La cultura francese è sempre stata molto sensibile alla letteratura triestina, lo spiegano casi come Italo Svevo o Boris Pahor. Lei come se lo spiega?

«Ci sono diverse spiegazioni: la mitizzazione di Trieste come città letteraria; un chiaro interesse per la cultura mitteleuropea, la storia asburgica e l’identità di frontiera; gli stretti rapporti della Francia con Rilke o Joyce (e Trieste attraverso di loro); la figura tutelare, rispettata e ammirata di Claudio Magris… Ma mi sembra che le radici siano più antiche e risalgano al XIX secolo, con autori come Charles Nodier, Stendhal o Chateaubriand, che hanno visitato Trieste e non solo. Penso in particolare a Joseph Lavallée e al suo libro “Voyage historique et pittoresque de l’Istrie et de la Dalmatie».

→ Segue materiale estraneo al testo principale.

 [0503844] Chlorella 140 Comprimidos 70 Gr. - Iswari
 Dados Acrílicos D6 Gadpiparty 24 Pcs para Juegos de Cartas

Qual è, a suo parere, l’elemento essenziale della letteratura triestina che la cultura francese potrebbe apprezzare?

«Non lo so ancora. Ma in questi mesi ho partecipato a diversi incontri sulla letteratura della regione e sono rimasto stupito dall’attenzione del pubblico, sia a Parigi che altrove. Ne sono testimoni anche Pietro Milli e Michel Valensi, con il quale ho tradotto due raccolte poetiche di Biagio Marin per le Éditions de l’éclat, di cui è direttore. Le Éditions de l’éclat coeditano tra l’altro i libri di Triestiana»

Il catalogo prevede anche autori goriziani come Biagio Marin o il rovignese Ligio Zanini. Quindi il focus si allarga sul territorio?

«Sì, senza nostalgia per le divisioni territoriali di un tempo, vorremmo portare alla luce una letteratura che è fiorita tra le antiche contee di Gorizia, Gradisca e il litorale, oggi sloveno e croato, dell’antica Histria, nel periodo che va dai dissensi precedenti alla Prima guerra mondiale fino ai giorni nostri».